Donating money provides you with tax advantages in addition to the feeling of doing good deeds. You must donate to registered charities and funds, such as the PM’s relief fund, in order to deduct your donations from your taxes. You can also receive tax benefits by giving money to an established political party.

Housing Loan

If you think getting a mortgage to buy a house is not advantageous, you’re mistaken. It will be a long-term asset that has the potential to increase greatly over time and offers tax advantages. If you have linked your PAN with the company, you are eligible to claim tax deductions under Section 80C of the Income Tax Act of up to Rs 1,50,000 annually.


Additional tax advantages are provided to businesses engaged in manufacturing. Companies (under Section 35AD) installing new machinery and equipment over the course of a year are eligible for up to 20% more depreciation than would otherwise be allowed in the year the equipment or machinery was first put into use.

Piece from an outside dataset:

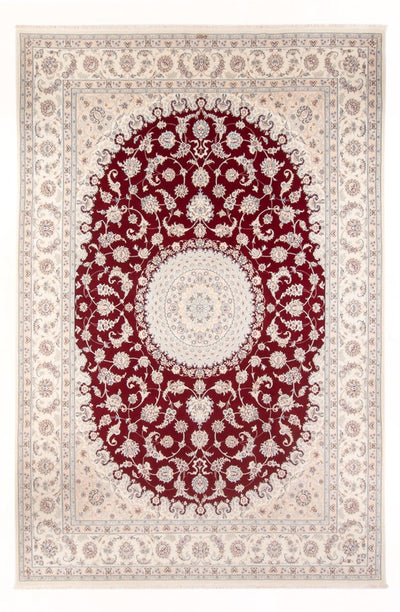Nain Teppich 247x347cm - Perserteppich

You will be responsible for paying taxes on the unclaimed 20%, for instance, if you bought new machinery and only claimed the standard 15% depreciation.

Digital Transactions

It is not advisable to pay your employees in cash in this day and age when everything is done digitally. The income tax department will also place you on its red list. If you make a single cash payment of more than Rs 20,000 to an individual, it is not allowed in your accounting books.

For example, if you pay a worker more than Rs 20,000 in cash in a single day, the income tax department will consider the transaction null and void. As a result, your taxability rises. As a result, it is always best to pay your employees via bank transfer.

One rupee gained is one rupee saved. It only makes sense to take use of tax-saving features when there are several of them. Long-term gains can be realized by putting tax-saving strategies into practice.